I'm still reading Needham's book Visual Complex Analysis. There is a part about the geometric interpretation of the nth roots of unity, that is, the solutions to the following equation. $$ z^n = 1 $$
Using Euler's formula, we can represent the complex number z as \(r e^{i\theta}.\) Taken to the power of a natural number n, we get \(r^n e^{i n \theta}.\) To satisfy the equation, \(r^n\) must be one, so all solutions z must lie on the unit circle. Multiplication of any complex number on the unit circle by itself rotates it on the circle by its angle. The solutions z have the special property that a product of n identical factors z ends up on point \(1 = e^{i m \cdot 2 \pi}\) (m being any integer). In other words: a point \(z = e^{i \theta}\) on the unit circle is a solution if \(n \theta\) is an integer multiple of \(2 \pi.\) $$ \theta_m = \frac{m \cdot 2\pi}{n} $$
Each integer m gives us an angle \(\theta_m\) such that \(e^{i\theta_m}\) is a solution z, but only the solutions arising from \(m = 0, 1, \ldots, n-1 \) are unique because \(e^{i (\theta_m - \theta_n)} = e^{i \theta_m}.\) So the solutions are n equally spaced points on the unit circle with the first one always being \(e^0 = 1.\) Connecting adjacent points gives us a regular polygon.

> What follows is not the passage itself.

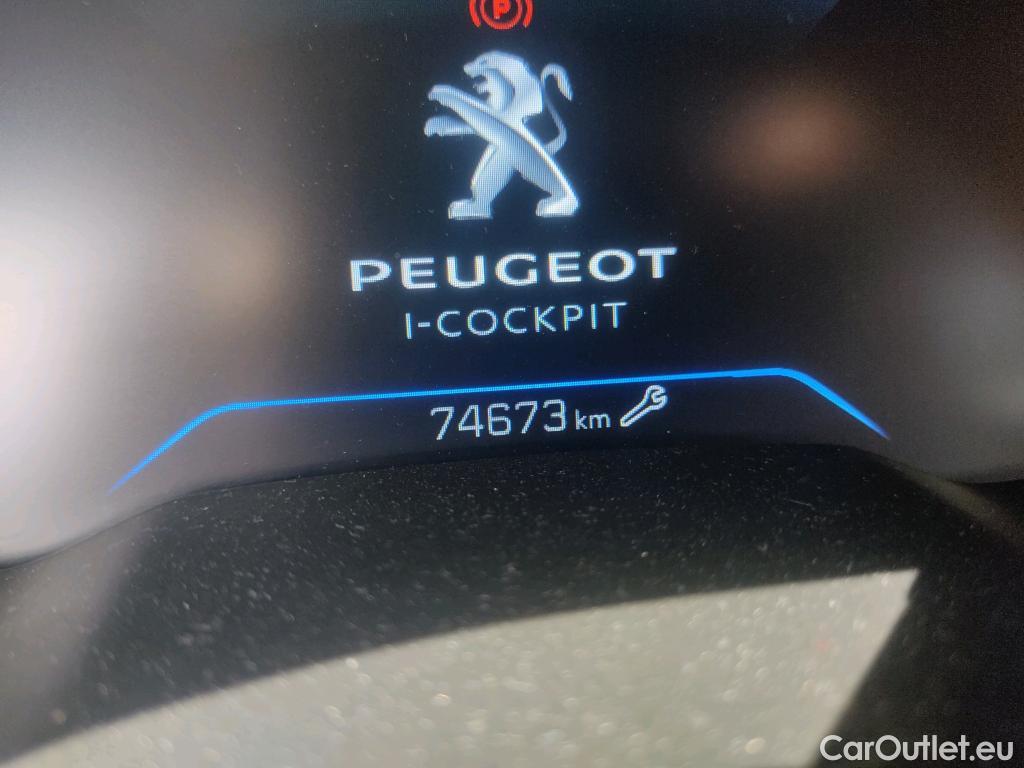  Peugeot  508 PEUGEOT  / 2018 / 5P / berlina con portón  5P Business Line BlueHDi 130 EAT8 (AC) #16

This reminded me of a bit of abstract algebra I came across some time ago. The nth roots of unity form a cyclic group. A generator of this group is \(a = e^{i \frac{2\pi}{n}}\) and the least positive integer m such that \(a^m\) is the identity element \(1\) is \( m = n,\) so the group is of order n.
Needham, T. (1997). Visual complex analysis. Oxford University Press.